E. Pendapat DPR mengenai dugaan Pelanggaran oleh Presiden danatau Wakil Presiden
Kewenangan ini diatur pada Pasal 80 sampai dengan Pasal 85 UU Nomor 24 Tahun 2003 tentang Mahkamah Konstitusi. Dalam sistem
presidensial, pada dasarnya presiden tidak dapat diberhentikan sebelum habis masa jabatannya habis, ini dikarenakan presiden dipilih langsung
oleh rakyat. Namun, sesuai prinsip supremacy of law dan equality before law, presiden dapat diberhentikan apabila terbukti melakukan pelanggaran
hukum sebagaimana yang ditentukan dalam UUD. Tetapi proses pemberhentian tidak boleh bertentangan dengan prinsip-prinsip negara
hukum. Hal ini berarti, sebelum ada putusan pengadilan yang menyatakan seorang presiden bersalah, presiden tidak bisa diberhentikan. Pengadilan
yang dimaksud dalam hal ini adalah Mahkamah Konstitusi.

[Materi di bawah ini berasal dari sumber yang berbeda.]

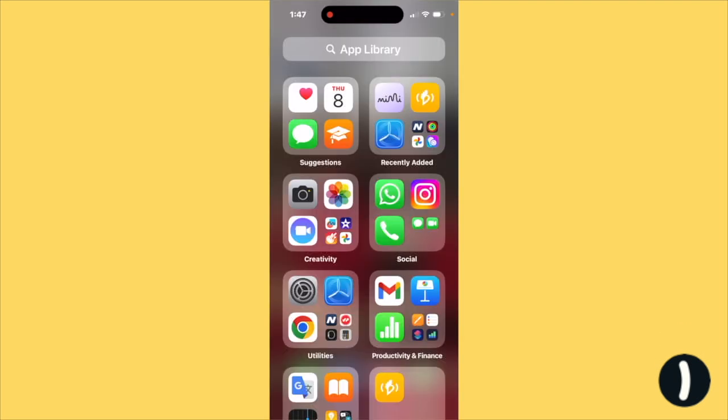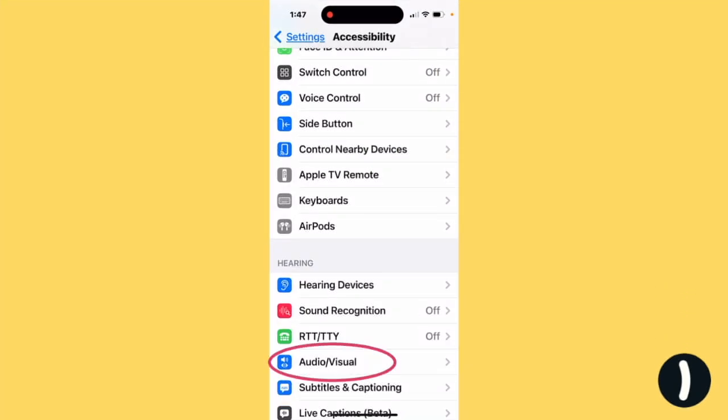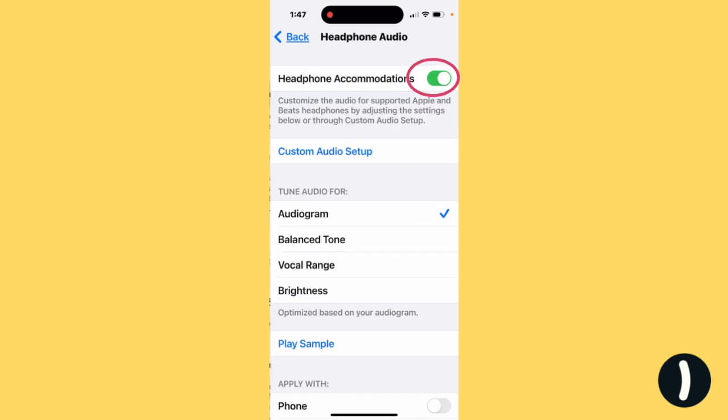You can also do this through Headphone Accommodations in Settings. Tap Accessibility, then Audio-Visual — and not Hearing Devices, that's for hearing aids. Tap Headphone Accommodations. Make sure Headphone Accommodations are enabled, and make sure under Tune Audio For, you've selected Audiogram.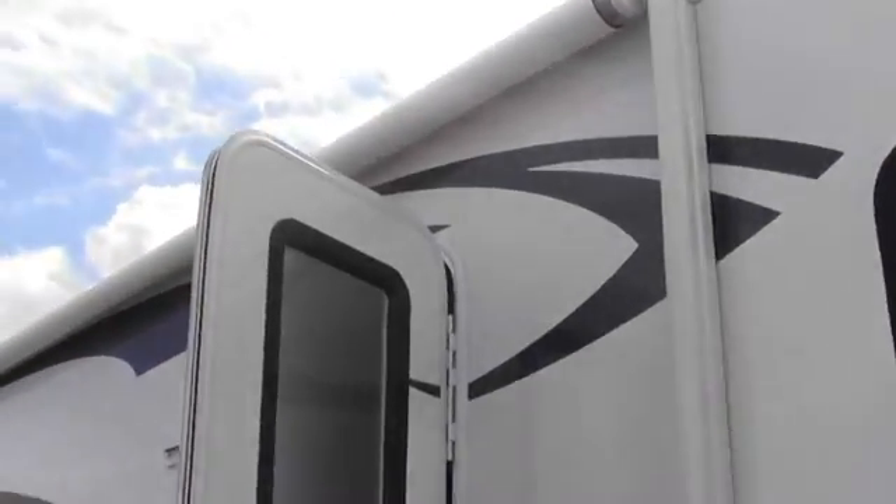Next thing I want to point out is this coach is equipped with MCD shades — you just pull that down, it comes right down. I also want you to notice that this has tinted glass. It has cup holders right in the table and you can sleep two right there. Nice pantry right here and your freezer and fridge is right here.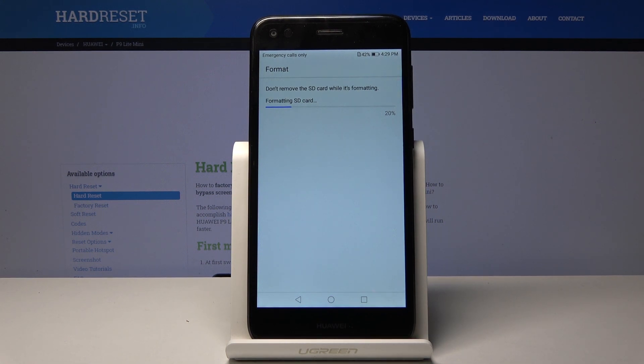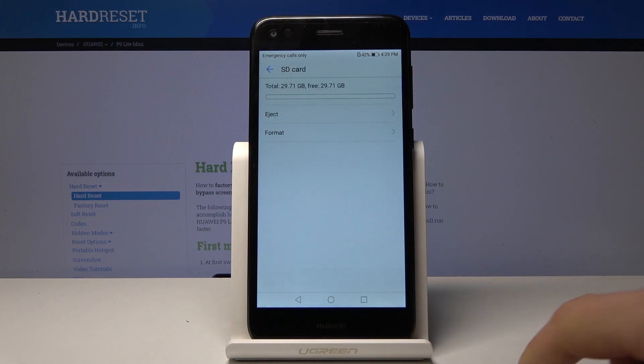It takes just several seconds, and once it's finished the card will be immediately ready to be used once more. It's done — that's basically it.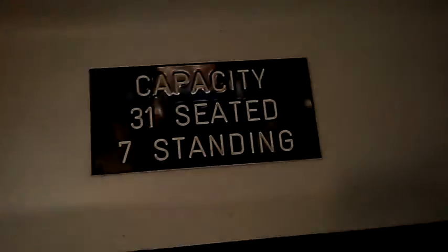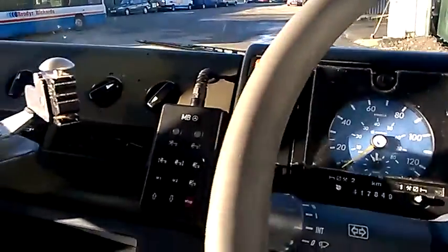Door controls — not working. Window. Yeah, I was right — it's a remote display. This one was fitted with a remote display. The ticket machine's gone because it is a school bus.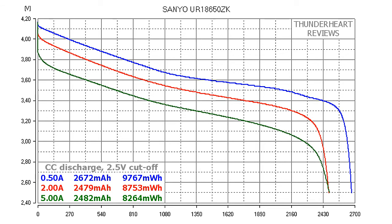Now let's look at the results. At 0.2C or 0.5A, the Senyo UR18650ZK delivered 2672mAh or 9767mWh. At a 2A discharge rate the result was 2479mAh or 8753mWh. At 5A it gave 2482mAh or 8264mWh.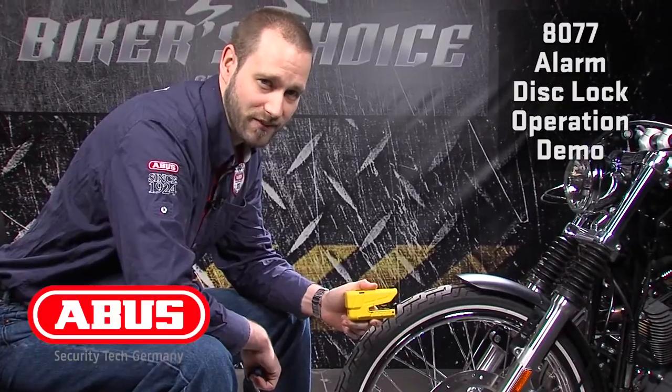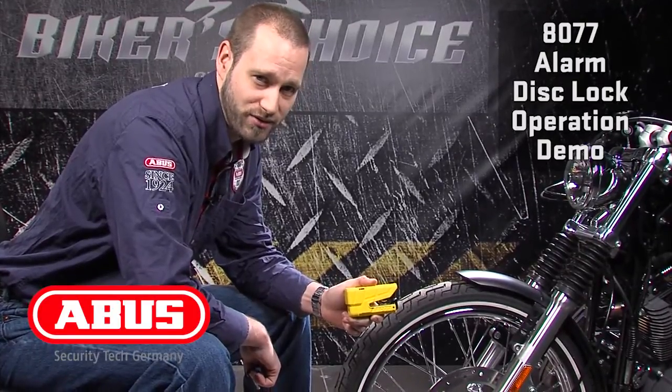8077 disc lock — high security, great three-dimensional alarm system. When you need security, go ABUS. Thanks for listening.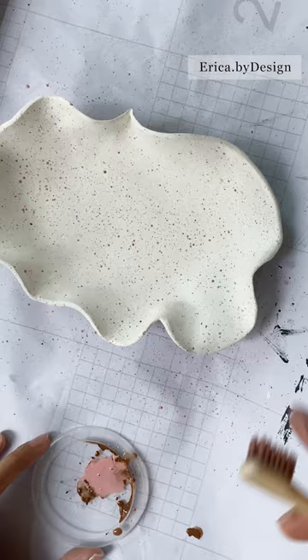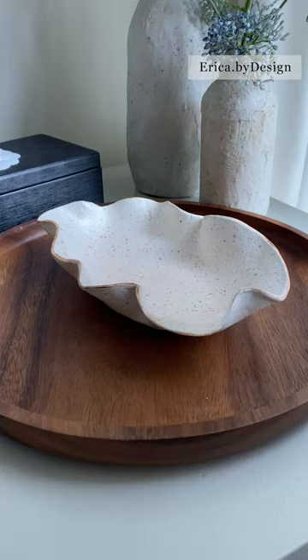Once that's dry you can seal up your work with a clear acrylic spray and voila! A cute wiggle bowl that serves as functional decor. Hope you guys enjoyed!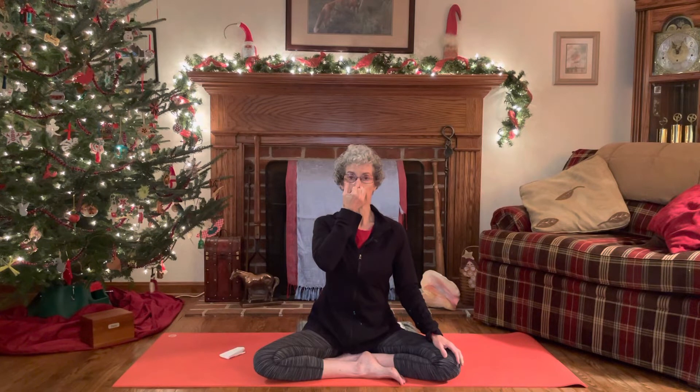Take just a regular breath, inhale and exhale. Then closing the right nostril, inhale through the left — pausing — close the left side, release the right side, exhale out the right. So that's one cycle.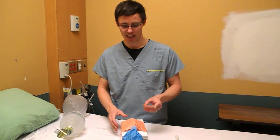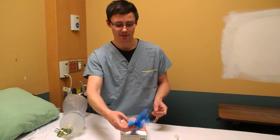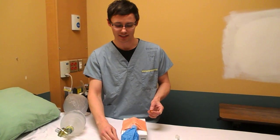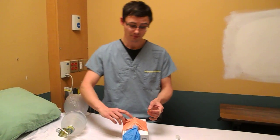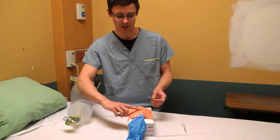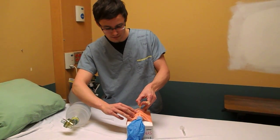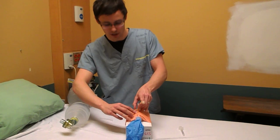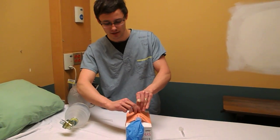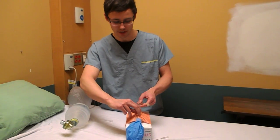Take your 14 gauge catheter and landmark for your cric. You'll also notice I've attached a glove to represent lungs — pretty high tech stuff. Landmarking for your cric: thyroid cartilage, cricoid cartilage, cricothyroid membrane in between. Insert your needle, feel it go through the tracheal rings, then remove your needle. Now you have your catheter attached.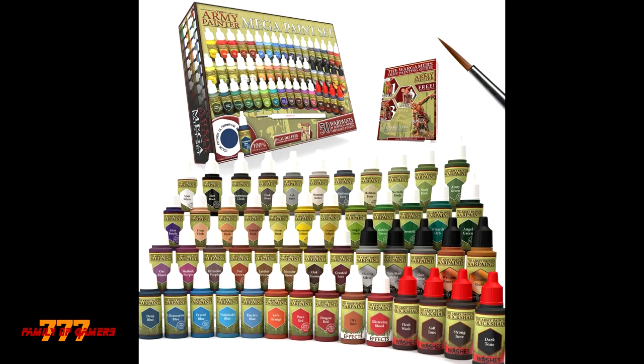In this set there are 39 acrylics, 4 washes, 5 metallics, and 2 effects. The effects are basically blood and rust. The washes are strong tone, flesh tone, soft tone, and dark tone. The 5 metallics are basically silver, gold, and bronze, and then you get a wide range of paints. It also comes with an Army Painter Wargamer Regiment brush and a painter's guide.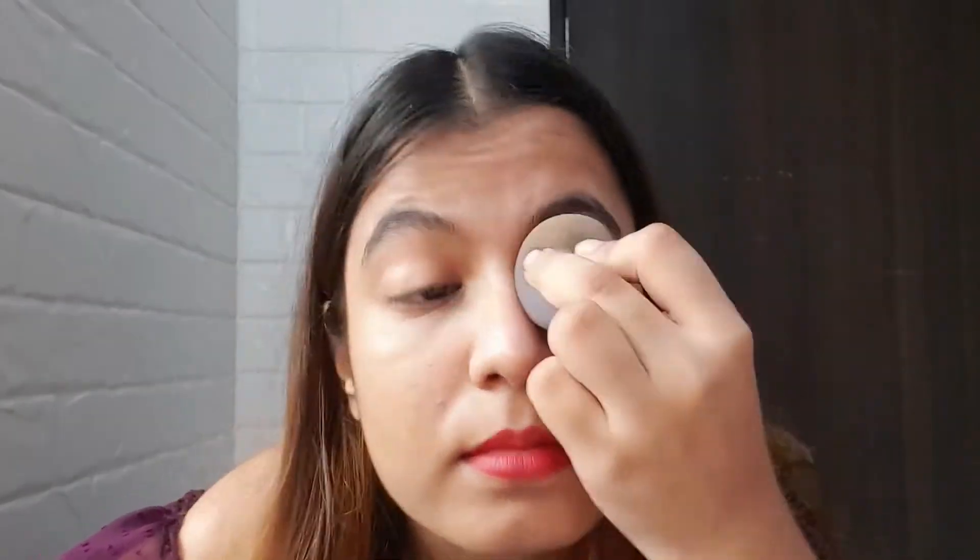This is so easily blendable — I just dabbed once and it blended on my skin so well. The shade is going really well with my skin tone; the application is smooth and it's looking very natural. After application, this is how it looks finally.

Dalam hal ini hanya DPR yang dapat mengajukan ke Mahkamah Konstitusi. Namun dalam pengambilan sikap tentang adanya pendapat
semacam ini harus melalui proses pengambilan keputusan di DPR yaitu melalui dukungan 23 dua pertiga jumlah seluruh anggota DPR yang
hadir dalam sidang paripurna yang dihadiri sekurang-kurangnya 23 dua per tiga anggota DPR.